What I’m going to do though, what I’ve decided to do is to go through Psalm 22 and just point out some specific things about the structure of the first half of the psalm, some of the phrases in there that might not be clear to you, and then also go through what Roy read this morning in Isaiah 53, obviously a companion passage to this.
And then at the end of that, going through the verses specifically, we’ll talk about some general things that these sections of scriptures teach us about the atonement. So we’ll begin with looking at the structure of Psalm 22, the first 21 verses. You have here a series of cries by Jesus Christ or by the afflicted one and then a counterstatement of God’s faithfulness.
So verses one and two talk about the problem of the person who’s being afflicted here, are persecuted—Jesus Christ the Messiah. “My God, my God, why hast thou forsaken me? Why art so far from helping me? And from the words of my roaring, oh my God, I cry in the daytime, but thou hearest not. And in the night season, and I’m not silent.”
So you begin to see here the extent of the problem: forsakenness. The word for God used there, by the way, is the most generalized term El, which refers to the strength of God. He’s saying, “My strong one, my strength, where are you now that I’m in the tremendous problem and I’m being brought into very bad times. I’m roaring over the depth of my problem here.”
Verse one, of course, is extremely important because it’s directly quoted by Jesus Christ and his agony on the cross. “My God, my God, why hast thou forsaken me?” So it’s a clear identification of the rest of the psalm for us that it indeed refers to Jesus Christ, the Messiah. There are some who believe that Psalm 22 was quoted not just in part by Jesus, but that he might have even quoted the entire thing based upon this first verse. And you’ll see at the end of the psalm where there’s a finished victory to the whole thing that’s been accomplished, which relates to Christ’s last statement about it as finished. We’ll get to that next week.
In any event, we know he at least quoted verse one. “My God, my God, why hast thou forsaken me?” And therefore identified himself as the object of Psalm 22.
I skipped already the introduction to the psalm and I should just go back and comment briefly upon that. It says in the King James version that Psalm 22 is to the chief musician upon Aeleth. And the word there—it’s a very difficult word to translate. Apparently it may just refer to the tune of the psalm.

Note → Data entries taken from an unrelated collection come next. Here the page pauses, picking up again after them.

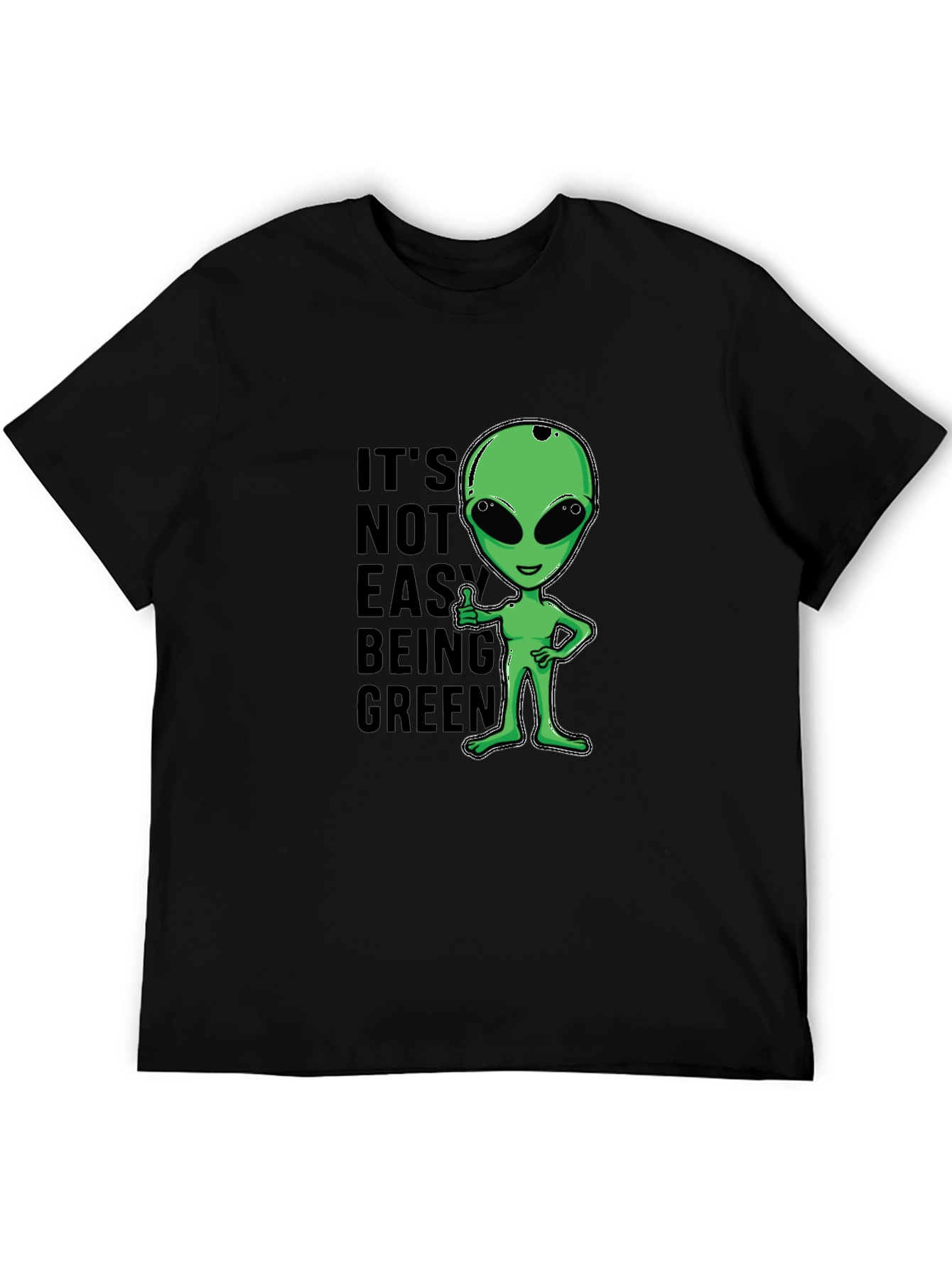 Black It's Not Easy Being Green Alien Graphic T-Shirt view 5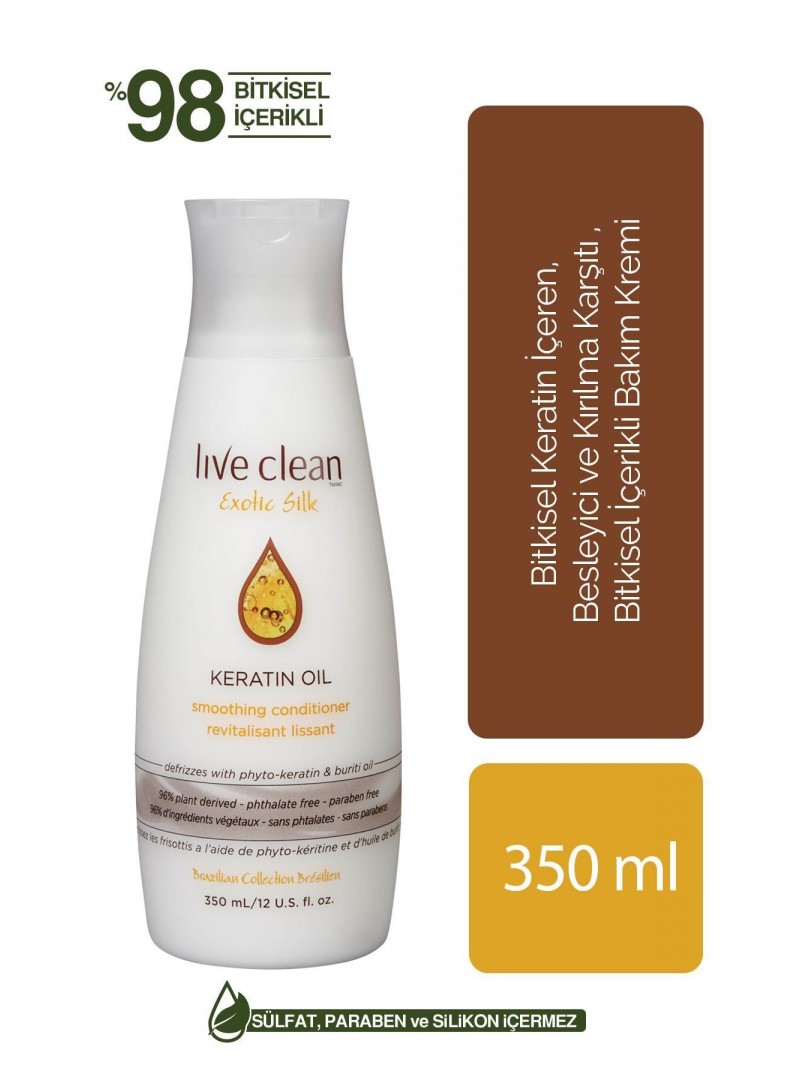 Live Clean Keratin Oil Conditioner 350 ml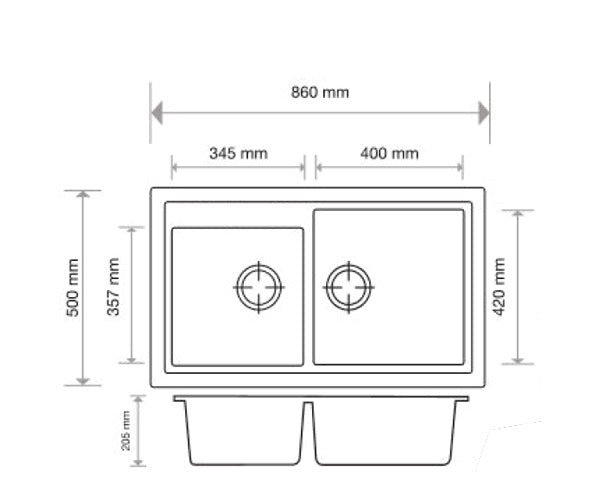 Vivaldi N200 Double Bowl Sink, Universal, Black Secondary image
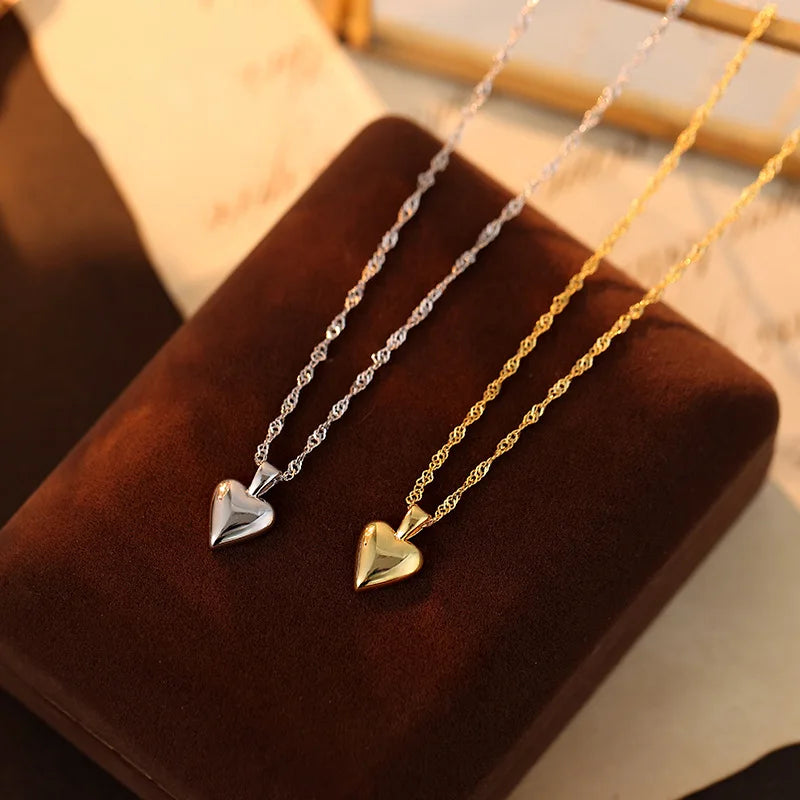 Classic Water-wave Chain Women Jewelry 925 Sterling Silver Heart Pendant Love Necklace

However, it may also be and is commonly translated as a summation of the psalm being the words “the hind of the morning, the hind or the deer of the morning.”
And throughout the psalm, we’ll see in the first half of the psalm many references to the animal kingdom. And so it would not be at all inappropriate for God to have given us here a description of Jesus Christ as the hind of the morning. Other people see instead of the word hind there the word help—”the help of the morning.”

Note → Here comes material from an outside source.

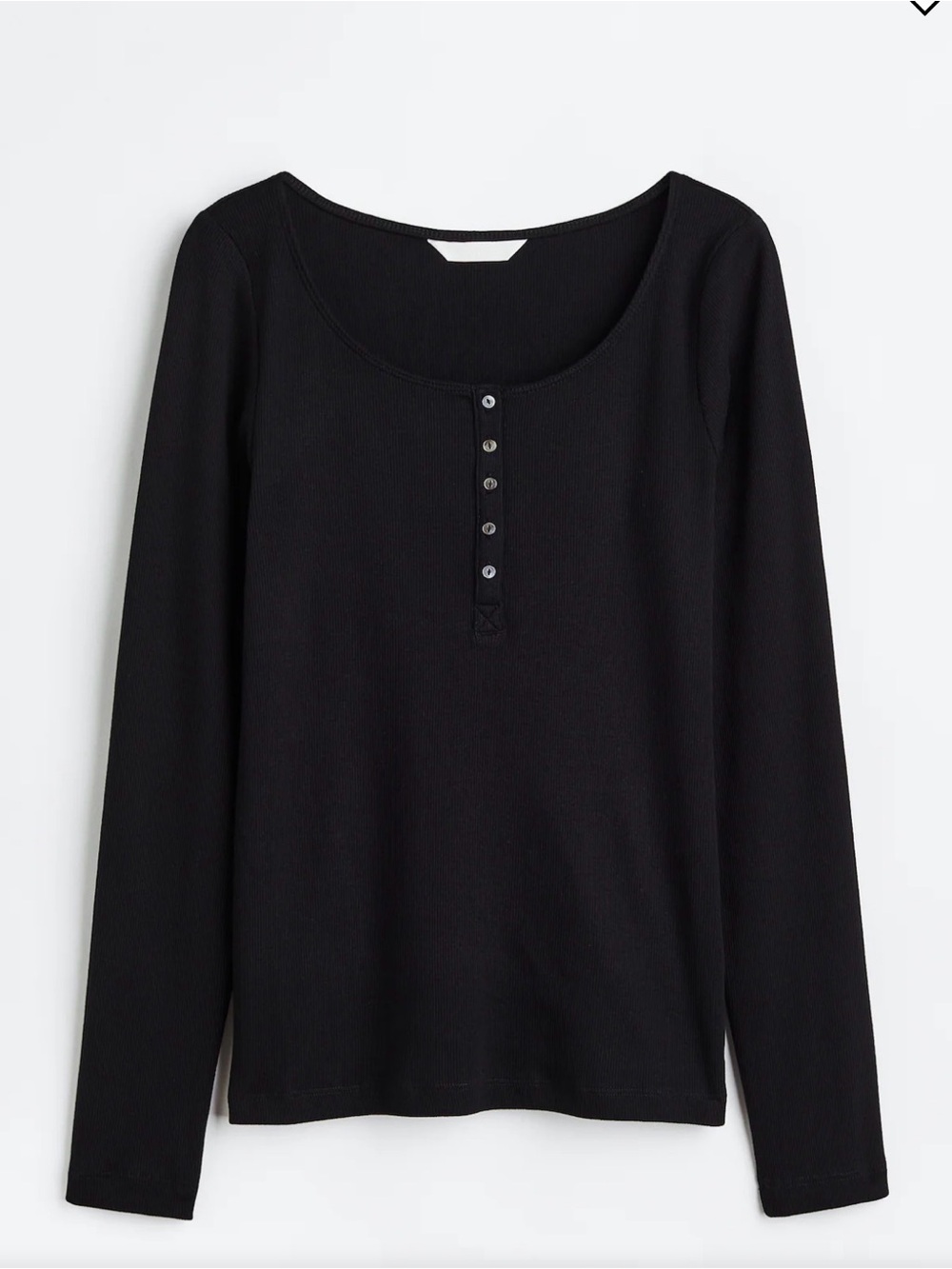 H&M Women’s Large Black Ribbed Henley Top Long Sleeve Button Front Cotton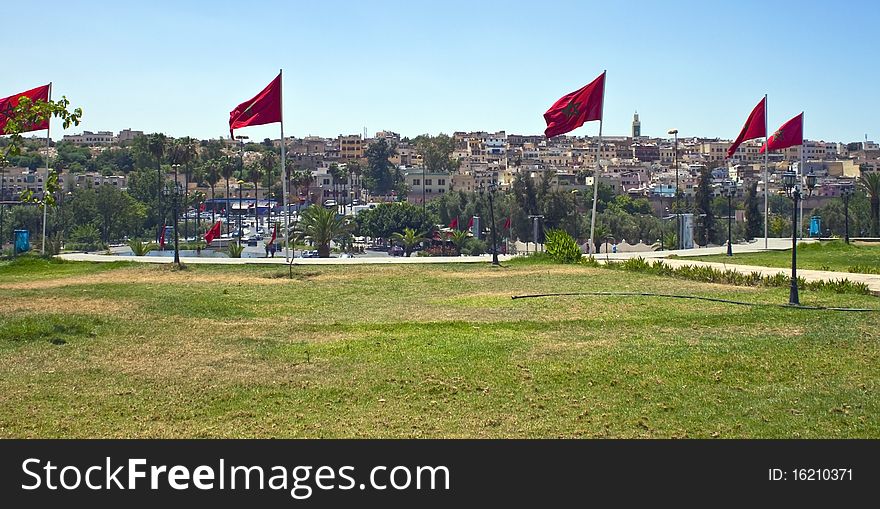 Panorama of Meknes with Moroccan flags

The help that comes in the morning after the dark night of the agony that we’ll go through in the next verses. And either way they are indicative of the content of the psalm.
So this first two verses then are the first set of verses that talk about the depth of the problem. And then after that, you have three verses, verses 3, 4, and 5 that talk about an emphasis now upon the God who he’s praying to. Says, “I’m in deep trouble. I’m roaring. I have real problems here. Thou doesn’t hear me. You don’t hear me.”
But then verses 3 through 5, “But thou art holy, oh, thou that inhabitest the praises of Israel. Our fathers trusted in thee. They trusted in thou to deliver them. They cried unto thee and were delivered. They trusted in thee and were not confounded.”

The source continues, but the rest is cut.